También compañero en el filial la temporada pasada y esta en el primer equipo de pleno derecho es Pablo Vázquez, que acusó los nervios iniciales antes de asentarse en el partido para acabar siendo protagonista sorpresivo en ataque. En el centro de la zaga se mostró rápido en el corte, poderoso por arriba y sin complicaciones a la hora de mover la pelota. Algunos despistes que corregir se disiparon cuando tuvo a su lado a Víctor Díaz, que hace buenos a todos a su alrededor. Menos intenso estuvo José Antonio Martínez, al que le falta bastante rodaje por el momento y liberarse de ciertos dejes de su paso por la cantera azulgrana para adaptarse al juego del Granada actual.

Arriba, Juancho peleó como pudo contra dos centrales del Elche como Juan Cruz y Zotko que lo anularon por completo. Lo mejor fue su actitud, pues nunca dejó de intentarlo. Tuvo en su mano el primer gol del partido muy pronto. Fue su única ocasión real de gol. Necesitó mayor apoyo de José Antonio González, al que le faltó velocidad de piernas y de cabeza y una mayor intensidad en cada una de sus acciones.
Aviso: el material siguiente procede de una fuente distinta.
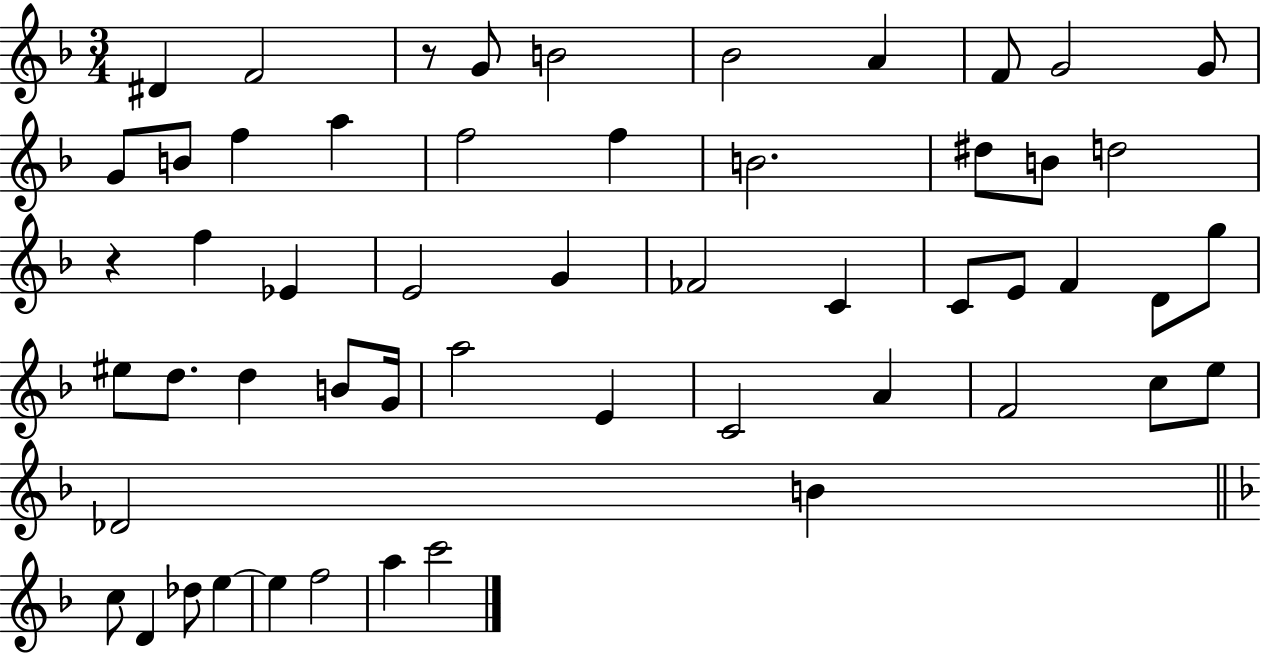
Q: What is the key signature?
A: F major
Pozo, sin embargo, quema etapas con demasiada rapidez. El domingo pasado se coronó en Extremadura con un gol de enorme calidad pero necesitaba pasar una prueba de fuego como esta. En Elche el campo se le hizo eterno por momentos, sobre todo en la primera parte y el primer tramo de la segunda, en los que los locales dominaron y tocó correr detrás de la pelota. Pero encontró su momento cuando el equipo parecía muerto. Su ímpetu contagió al resto para ir a buscar el empate.

Un puesto bien cubierto

La mejor noticia para el Granada este pasado jueves en el Martínez Valero fue comprobar que su portería está muy bien cubierta esta temporada. Se prescindió de Varas por un asunto económico, pero también porque se creyó en una apuesta de futuro con mucho fundamento. Rui Silva, por ahora el titular, está cuajando actuaciones solventes, confirmando que cuenta con muchas y buenas cualidades. Pero, visto lo visto, no se puede sentir seguro en el puesto, pues Aarón Escandell oposita al mismo con fuerza. El valenciano debutó esta temporada tras comenzar la misma lesionado y cubrió el expediente con gran nota pese a recibir dos goles.
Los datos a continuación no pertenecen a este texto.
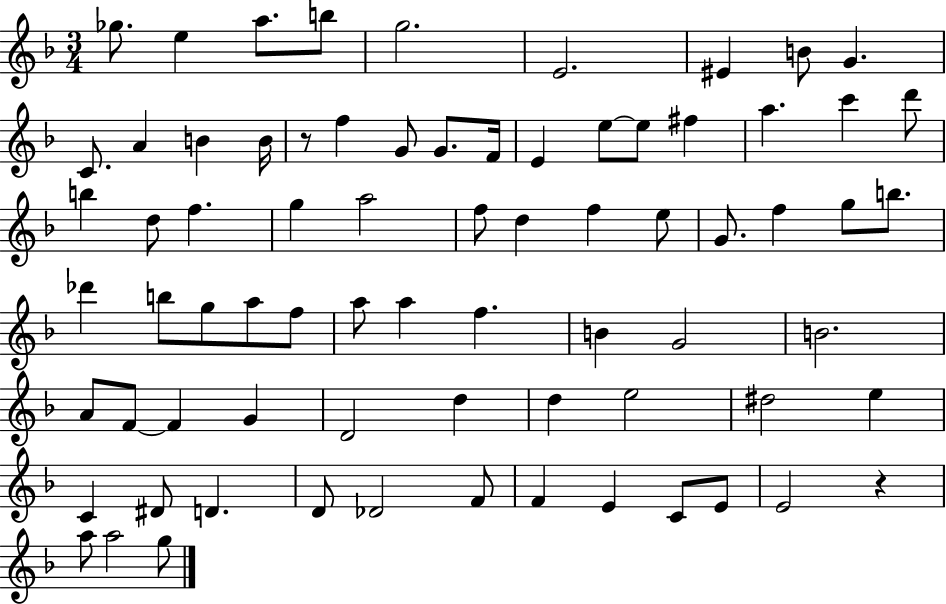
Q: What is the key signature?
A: F major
En ninguno de ellos –el primero de penalti– pudo hacer demasiado. Pero sí evitó situaciones comprometidas con su enorme atención para abortar cualquier acercamiento. Tiene un juego de pies de mucho nivel para el puesto, un punto a su favor.

Sacar una conclusión de la aportación individual de cada futbolista por un partido es complicado. Máxime cuando todos se expusieron sin los pesos pesados arropándolos en el campo. En un once con más habituales su rendimiento crecerá.